§ Exercise goal
All of the data below should be printed again word for word, pictures excluded.

§ Extracted records
======
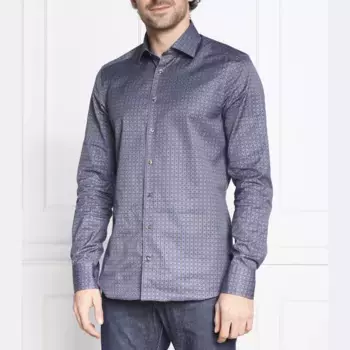 Рубашка узкого кроя Stenstrms, синий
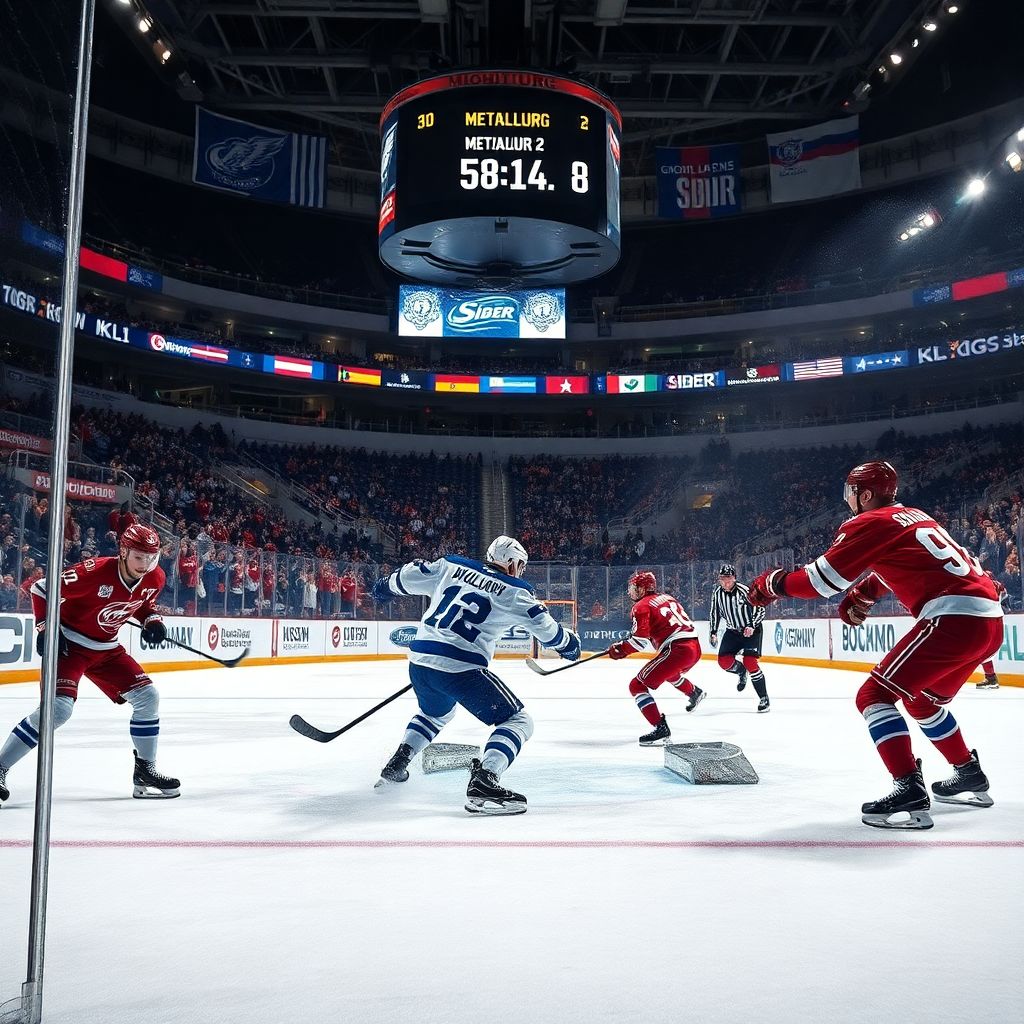 Гол Косолапова принес «Сибири» выездную победу над «Металлургом» в КХЛ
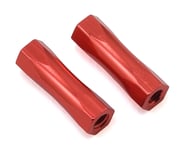 CRC Servo Plate Hex Standoffs (2) (Red) | product-related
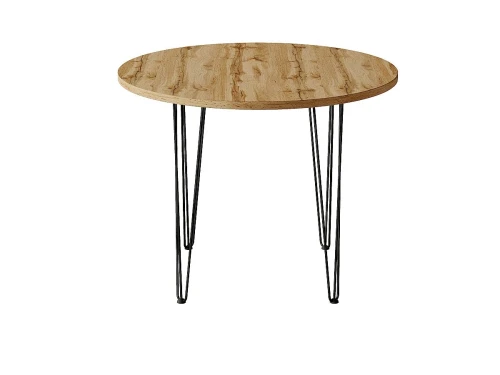 Стол обеденный круглый TLC-2.2 Wotan Oak Black 2S 732*900*900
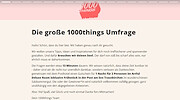 1000Things Gewinnspiel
======
§ Answer for the task
 Рубашка узкого кроя Stenstrms, синий
 Гол Косолапова принес «Сибири» выездную победу над «Металлургом» в КХЛ
 CRC Servo Plate Hex Standoffs (2) (Red) | product-related
 Стол обеденный круглый TLC-2.2 Wotan Oak Black 2S 732*900*900
 1000Things Gewinnspiel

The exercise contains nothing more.